Wednesday, April 28, 2010

"What happened when Albert Einstein met Charlie Chaplin?" The Independent


Wednesday, 28 April 2010

"Most convergences between tremendously distinguished writers, however, tend to end in bathos. Take the head-spinning evening of 18 May 1922, at the de luxe Hotel Majestic in Paris, where a moneyed couple of London arts patrons called Sydney and Violet Schiff hosted dinner for 40 people to celebrate the first performance of Stravinsky's ballet Le Renard, performed by the Ballets Russes under the great impresario Serge Diaghilev. The Schiffs had a reputation for pulling diverse but brilliant people together; their guest list on this night, however, was exceptionally ambitious. Along with Diaghilev and Stravinsky, they'd invited Picasso, Proust and James Joyce. A perfect quintet of the arch-modernists of the 20th century, five men at the cutting-edge of innovation, the "breaking of forms" and the jettisoning of the past. Would they like each other? Would they strike sparks? Would they agree to collaborate? Would they chat in ordinary human words?

Joyce arrived drunk at 11pm. He'd failed to rent or borrow a dinner suit for the glittery occasion and was, reportedly, embarrassed about being under-dressed. For a time he sat with his head in his hands, gazing at his glass of champagne. Marcel Proust swanned in at 2.30am, having just got up (he was writing the Sodom and Gomorrah chapters of A La Recherché du Temps Perdu, and working through the night in his sealed-off, cork-lined room.) He homed in on Stravinsky and asked, "Doubtless you admire Beethoven?"

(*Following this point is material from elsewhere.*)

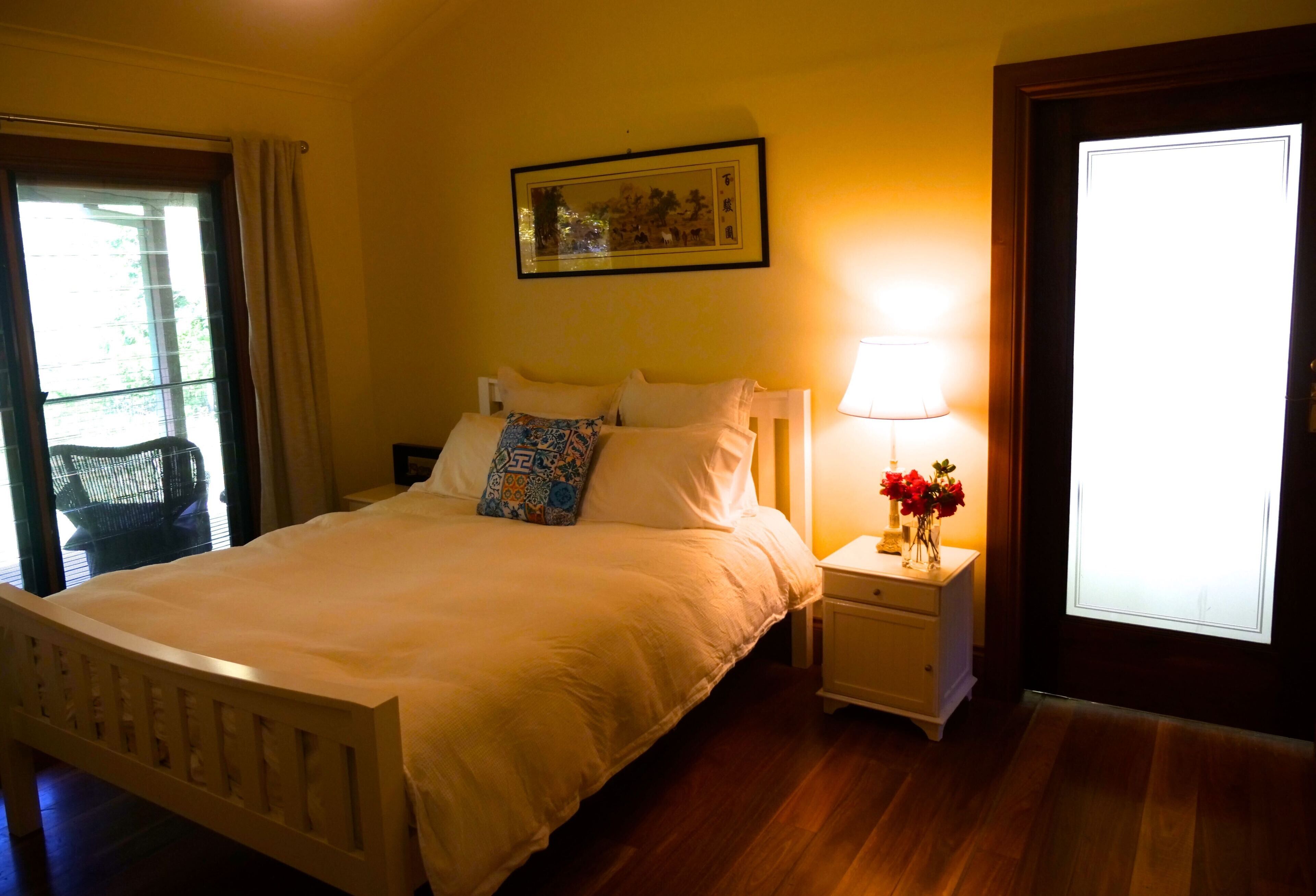 Easy Street Retreat - River Cottage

"I detest Beethoven," said Stravinsky shortly.

"But cher maître," Proust protested, "surely the late sonatas and quartets ... "

"Are even worse than the rest," said Stravinsky.

Joyce, meanwhile, had fallen asleep. When he woke, he found Proust standing before him, asking, "Do you like truffles?" "Yes I do," said Joyce. History does not record if the two literary Titans munched their way through a box of chocolates together, but it's pleasing to imagine the sight.

How elevated was their conversation? Apparently Proust said, "I have never read your works, Mr Joyce," and Joyce replied, quick as a flash, "I have never read your works, M. Proust." So there. Joyce later claimed that he tried to talk to the Frenchman about the allure of chambermaids (clearly Joyce didn't know his interlocutor very well) but Proust wanted to talk about duchesses, and Joyce didn't know any. To change the subject, Joyce complained about his eyes and how they were giving him headaches. "But my stomach!" said Proust. "My stomach!"

And that was it, except for an ill-tempered cab-ride home, when Joyce lit a cigar and opened a window. Proust, allergic both to cigar smoke and open windows, talked non-stop, while Joyce glared at him and finally took the cab grumpily on to his home. "Of course the situation was impossible," Joyce later reflected. "Proust's day was just beginning. Mine was at an end." Actually Proust's was more truly at an end – he died in November that year."